Exercise directions: Once "ヴェルの作ってみた!投稿(焼きそばナポリタン風)" turns up in a line below, reproduce that line and those after it exactly, stopping after the line with "Tetas caídas en casa"; leave pictures out.

Provided material:
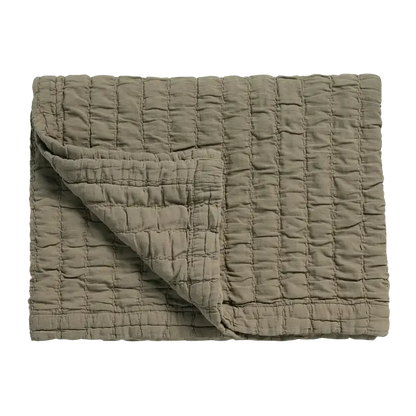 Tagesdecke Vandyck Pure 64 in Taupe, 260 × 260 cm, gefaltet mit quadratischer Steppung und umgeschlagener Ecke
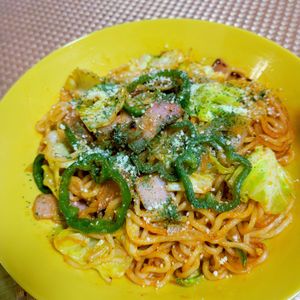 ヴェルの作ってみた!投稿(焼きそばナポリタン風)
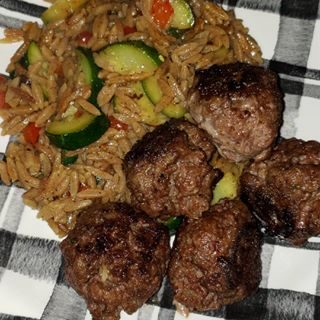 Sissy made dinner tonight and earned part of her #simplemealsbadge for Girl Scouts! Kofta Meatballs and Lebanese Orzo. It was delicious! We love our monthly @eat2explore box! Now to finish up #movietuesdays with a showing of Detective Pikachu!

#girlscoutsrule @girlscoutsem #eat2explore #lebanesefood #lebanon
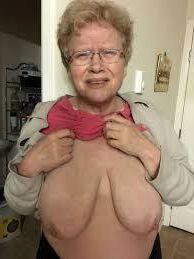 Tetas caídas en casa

==

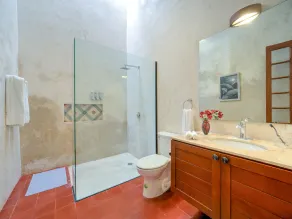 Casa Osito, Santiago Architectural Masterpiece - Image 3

Answer for this exercise:
 ヴェルの作ってみた!投稿(焼きそばナポリタン風)
 Sissy made dinner tonight and earned part of her #simplemealsbadge for Girl Scouts! Kofta Meatballs and Lebanese Orzo. It was delicious! We love our monthly @eat2explore box! Now to finish up #movietuesdays with a showing of Detective Pikachu!

#girlscoutsrule @girlscoutsem #eat2explore #lebanesefood #lebanon
 Tetas caídas en casa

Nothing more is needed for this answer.